HSG-12M: A Large-Scale Dataset of Spatial Multigraphs from the Energy Spectra of non-Hermitian Crystals

ICLR 2026 Conference Submission17371 Authors

19 Sept 2025 (modified: 08 Oct 2025)ICLR 2026 Conference SubmissionEveryoneRevisionsBibTeXCC BY 4.0
Keywords: graph-level learning, spatial network, multigraph, dataset generator, large-scale dataset, condensed matter physics, non-Hermitian physics, topological physics, AI4Science, Toeplitz matrix
Abstract: AI is transforming scientific research by revealing new ways to understand complex physical systems, but its impact remains constrained by the lack of large, high-quality domain-specific datasets.
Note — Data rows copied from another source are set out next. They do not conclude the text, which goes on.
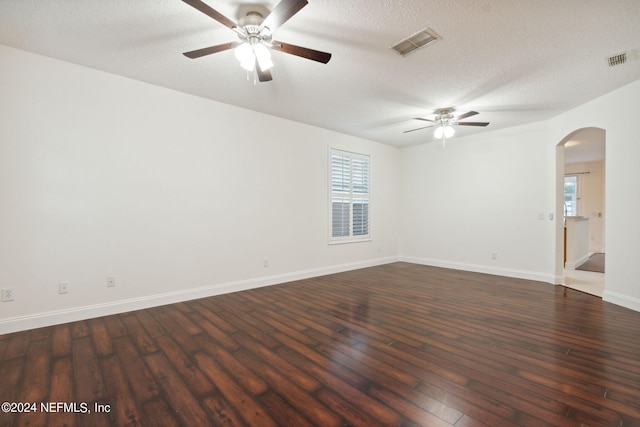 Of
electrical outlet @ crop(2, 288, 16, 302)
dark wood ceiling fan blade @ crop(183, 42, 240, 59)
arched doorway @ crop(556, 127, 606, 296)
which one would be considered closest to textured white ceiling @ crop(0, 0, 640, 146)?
dark wood ceiling fan blade @ crop(183, 42, 240, 59)

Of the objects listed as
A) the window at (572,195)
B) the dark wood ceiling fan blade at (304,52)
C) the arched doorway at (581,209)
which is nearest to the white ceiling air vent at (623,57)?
the arched doorway at (581,209)

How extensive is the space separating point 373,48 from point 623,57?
246 centimetres

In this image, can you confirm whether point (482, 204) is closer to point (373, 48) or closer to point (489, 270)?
point (489, 270)

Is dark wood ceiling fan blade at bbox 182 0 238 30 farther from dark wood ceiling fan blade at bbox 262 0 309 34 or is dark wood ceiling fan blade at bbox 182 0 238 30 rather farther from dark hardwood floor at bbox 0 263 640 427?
dark hardwood floor at bbox 0 263 640 427

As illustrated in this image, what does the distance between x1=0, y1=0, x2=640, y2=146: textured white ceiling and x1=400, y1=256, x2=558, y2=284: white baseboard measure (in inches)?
108

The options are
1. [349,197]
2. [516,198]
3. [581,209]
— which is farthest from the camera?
[581,209]

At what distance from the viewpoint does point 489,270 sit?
545 centimetres

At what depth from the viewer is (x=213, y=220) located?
158 inches

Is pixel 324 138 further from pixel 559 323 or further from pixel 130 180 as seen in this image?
pixel 559 323

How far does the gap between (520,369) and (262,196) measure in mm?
3691

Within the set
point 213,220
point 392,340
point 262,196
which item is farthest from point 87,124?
point 392,340

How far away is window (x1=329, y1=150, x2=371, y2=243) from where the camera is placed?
5.57 m

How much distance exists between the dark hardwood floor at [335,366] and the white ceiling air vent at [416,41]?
8.82 ft

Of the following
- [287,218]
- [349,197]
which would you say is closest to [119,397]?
[287,218] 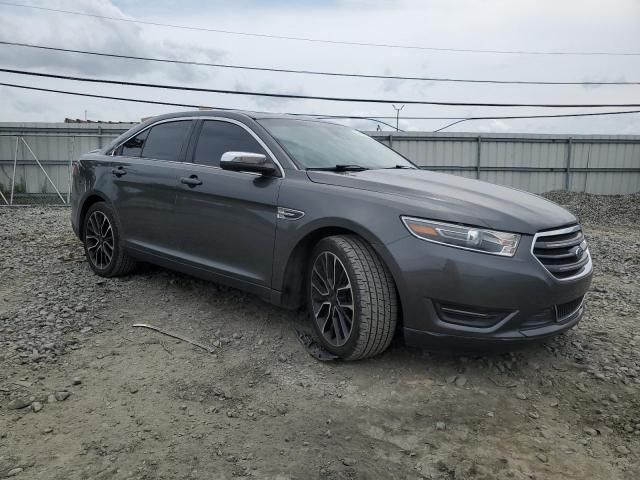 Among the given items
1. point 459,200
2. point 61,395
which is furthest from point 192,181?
point 459,200

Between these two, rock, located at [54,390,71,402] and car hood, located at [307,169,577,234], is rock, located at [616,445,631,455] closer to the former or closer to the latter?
car hood, located at [307,169,577,234]

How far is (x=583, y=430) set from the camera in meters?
2.85

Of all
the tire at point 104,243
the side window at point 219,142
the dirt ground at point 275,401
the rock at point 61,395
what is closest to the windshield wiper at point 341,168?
the side window at point 219,142

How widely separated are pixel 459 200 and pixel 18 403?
2802mm

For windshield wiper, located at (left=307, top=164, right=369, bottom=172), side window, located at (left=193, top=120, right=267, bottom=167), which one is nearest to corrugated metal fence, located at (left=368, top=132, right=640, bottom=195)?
side window, located at (left=193, top=120, right=267, bottom=167)

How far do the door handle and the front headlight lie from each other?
1.98 meters

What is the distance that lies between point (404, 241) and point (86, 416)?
202cm

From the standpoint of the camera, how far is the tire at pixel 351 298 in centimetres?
323

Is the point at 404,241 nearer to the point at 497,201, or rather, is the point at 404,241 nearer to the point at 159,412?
the point at 497,201

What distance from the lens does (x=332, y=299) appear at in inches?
137

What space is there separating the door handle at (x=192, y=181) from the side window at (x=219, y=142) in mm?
166

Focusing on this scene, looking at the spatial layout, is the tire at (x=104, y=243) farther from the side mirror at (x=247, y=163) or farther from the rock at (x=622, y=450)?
the rock at (x=622, y=450)

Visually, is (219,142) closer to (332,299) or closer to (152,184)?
(152,184)

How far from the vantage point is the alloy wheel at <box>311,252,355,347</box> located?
3376 mm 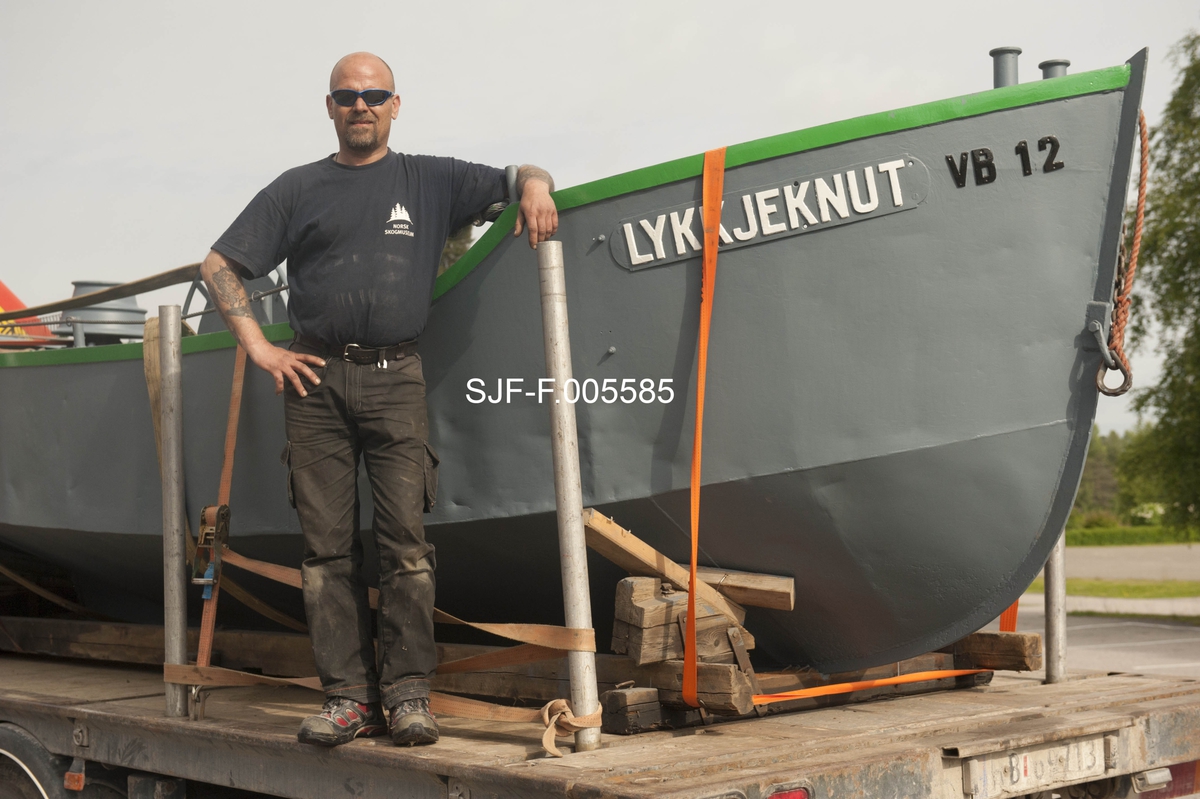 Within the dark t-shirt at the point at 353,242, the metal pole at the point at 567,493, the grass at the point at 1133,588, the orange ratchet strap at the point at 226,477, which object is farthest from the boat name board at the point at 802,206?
the grass at the point at 1133,588

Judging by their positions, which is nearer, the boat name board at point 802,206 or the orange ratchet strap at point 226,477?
the boat name board at point 802,206

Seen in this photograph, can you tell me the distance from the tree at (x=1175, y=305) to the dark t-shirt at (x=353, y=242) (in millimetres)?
15566

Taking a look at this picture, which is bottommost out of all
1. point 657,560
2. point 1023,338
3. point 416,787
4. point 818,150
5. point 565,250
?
point 416,787

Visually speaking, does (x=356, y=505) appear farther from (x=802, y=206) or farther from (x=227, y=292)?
(x=802, y=206)

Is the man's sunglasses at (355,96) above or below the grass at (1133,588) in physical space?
above

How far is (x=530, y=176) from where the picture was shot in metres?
3.36

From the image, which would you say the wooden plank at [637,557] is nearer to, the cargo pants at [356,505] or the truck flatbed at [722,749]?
the truck flatbed at [722,749]

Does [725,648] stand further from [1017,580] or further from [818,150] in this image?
[818,150]

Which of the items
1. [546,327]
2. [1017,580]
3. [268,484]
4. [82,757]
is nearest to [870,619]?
[1017,580]

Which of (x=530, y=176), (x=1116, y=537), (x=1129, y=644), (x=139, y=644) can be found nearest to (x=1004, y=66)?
(x=530, y=176)

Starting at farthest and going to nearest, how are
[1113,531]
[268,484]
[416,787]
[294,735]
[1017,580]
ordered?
1. [1113,531]
2. [268,484]
3. [1017,580]
4. [294,735]
5. [416,787]

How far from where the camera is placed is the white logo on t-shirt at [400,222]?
10.7 ft

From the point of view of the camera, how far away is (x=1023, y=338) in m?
3.17

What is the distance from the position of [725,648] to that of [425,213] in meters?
1.47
A rich, largely untapped resource lies in non-Hermitian quantum physics, where the energy spectra of crystals form intricate geometries on the complex plane—termed as $\textit{Hamiltonian spectral graphs}$. Despite their significance as fingerprints for electronic behavior, their systematic study has been intractable due to the reliance on manual extraction. To unlock this potential, we introduce $\textbf{Poly2Graph}$ (https://anonymous.4open.science/r/iclr2026_generator-AE56): a high-performance, open-source pipeline that automates the mapping of 1-D crystal Hamiltonians to spectral graphs. Using this tool, we present $\textbf{HSG-12M}$ (https://anonymous.4open.science/r/iclr2026_dataset-2802): a dataset containing 11.6 million static and 5.1 million dynamic Hamiltonian spectral graphs across 1401 characteristic-polynomial classes, distilled from 177 TB of spectral potential data. Crucially, HSG-12M is the first large-scale dataset of $\textit{spatial multigraphs}$—graphs embedded in a metric space where multiple geometrically distinct trajectories between two nodes are retained as separate edges. This simultaneously addresses a critical gap, as existing graph benchmarks overwhelmingly assume simple, non-spatial edges, discarding vital geometric information. Benchmarks with popular GNNs expose new challenges in learning spatial multi-edges at scale. Beyond its practical utility, we show that spectral graphs serve as universal topological fingerprints of polynomials, vectors, and matrices, forging a new algebra-to-graph link. HSG-12M lays the groundwork for data-driven scientific discovery in condensed matter physics, new opportunities in geometry-aware graph learning and beyond.